A Session at the Civil Society Forum at the Annual Meetings of IMF and World Bank. October 11, 2017
Statement to open session
Barry Herman

Download here the pdf version. Visit here the report of the session.

STATEMENT TO OPEN SESSION

I am pleased to moderate this discussion of financing social protection floors, a topic that has gotten increased political attention over the past year or two and that will get more over the next six months as I will explain. My hope is that the attention matures to the point that some countries and institutions take additional steps to deepen national systems of social protection, increase the scope of protection, and that countries provide more peer-to-peer learning and also international support to developing countries seeking assistance in strengthening their systems. In particular, I hope that steps may be taken to assure that the financing for what the International Labor Organization has defined as national floors of social protection is fully available into the foreseeable future, year in and year out, in bad times as well as good ones.

Before starting the discussion, let me try to specify the financing challenge so we are all “on the same page”. When we talk about social protection, and especially social protection floors, we are referring to government cash transfers that may range from public support to mothers and children, support to the disabled, support to the involuntarily unemployed, support to the aged and to other people in need, as in the provision or financing of health services. Countries differ in how many types of assistance their governments offer and how much of the population in need they should reach and are able to reach. Countries also differ in whether they seek to target their assistance to specific populations, e.g., the “extreme poor”, or offer the support universally as a right. The ILO and the World Bank have jointly committed to promote “universal” social protection, which will entail significant, regular and reliable budgetary outlays.
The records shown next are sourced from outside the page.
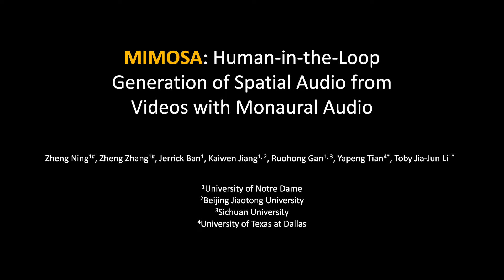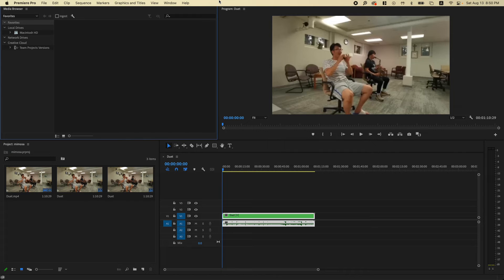In this video, we will introduce Mimosa, an interactive human-AI collaborative tool that helps amateur content creators create immersive spatial audios for videos with mono audio. Mimosa is made as an extension of Adobe Premiere Pro, which can be started like any other extension in Premiere.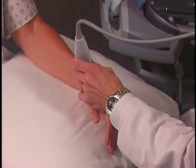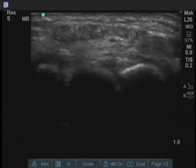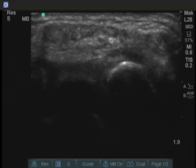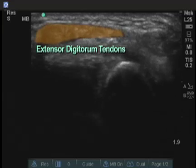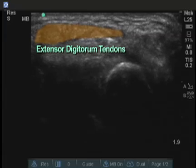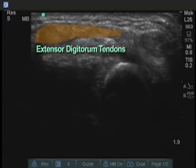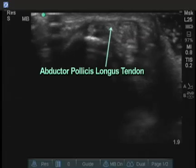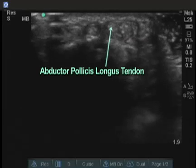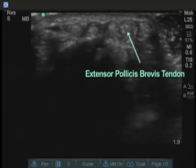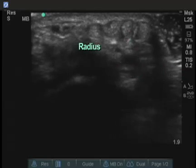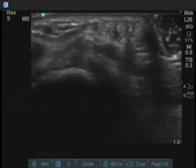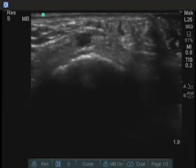We'll move over to the extensor tendons of the thumb, where you can sometimes see DeQuervain's tenosynovitis. Here is a nice view of one of the long tendons of the thumb. These extensor digitorum tendons are normal in appearance on cross-section. These are the two thumb tendons that you see right over the distal end of the radius, which is right here.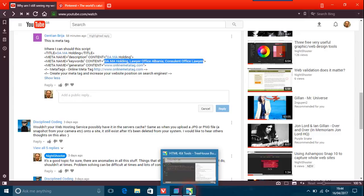Do not go or be seduced by people who will email you about we can get your website under the first page in Google. This is totally wrong. Never go for that because Google don't like that.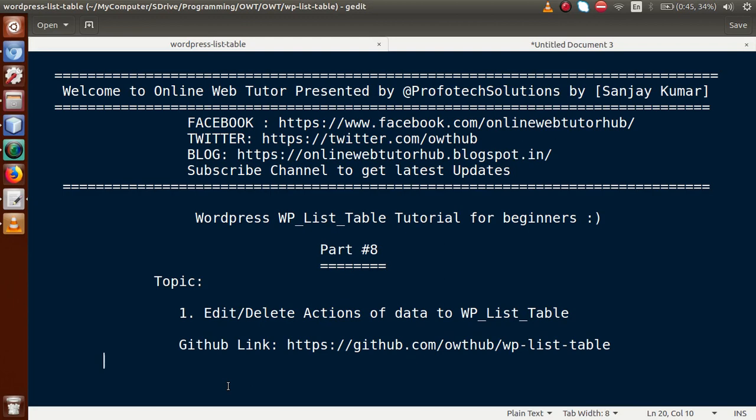Hello guys, welcome to Online Web Tutor. I am Sanjay. We are learning WordPress WP List Table tutorial for beginners, and this is Part 8. In this video session, we will see how we can implement add and delete actions to our data in WP List Table. If you are a beginner to the channel, please don't forget to subscribe and keep watching our previous video sessions. I strongly suggest you continue from Part 1 to get a clear concept about WP List Table.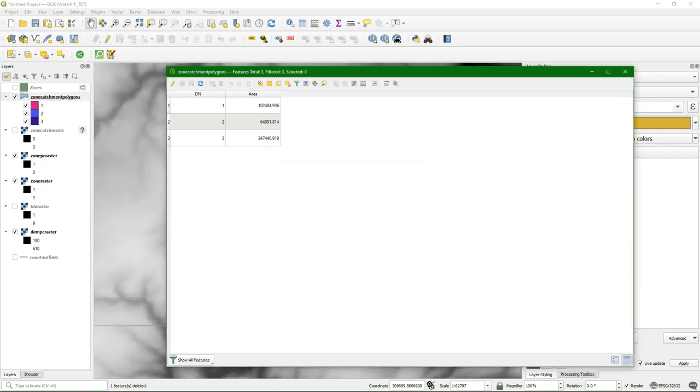So in this video you've learned how to interpolate contour lines to rasters using the TIN interpolation, how to calculate the local drain direction map in PC Raster, and use that to calculate the catchment belonging to polygons that we have defined, and then also calculate the areas of those polygons.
Whatever the scope and ambition of the national social protection systems, it is essential that the public resources for them be available. Protection fails to protect without adequate financial resources.

We may conceive of government budgets as having four categories of expenditure. One is wages, salaries and purchased inputs for government expenditure programs. A second is the transfer payments made to individuals, including the social protection system. A third is payment of interest and principal on the public debt, and the fourth is public investment. In most countries, the mandatory first use of public revenues is public debt servicing. The lowest priority is investment, which is typically postponed when revenues dip during economic downturns. In addition, in times of austerity, government expenditure programs may be reduced, wages may be cut and the work force may be reduced to absorb the reduction in public revenue; for example, budget constraints may translate into fewer teachers and thus more students per class. In addition, governments sometimes are forced to cut back on social transfers, which may be seen as a violation of an implicit social compact and as a challenge to trust in government. I will come back to this point in a moment.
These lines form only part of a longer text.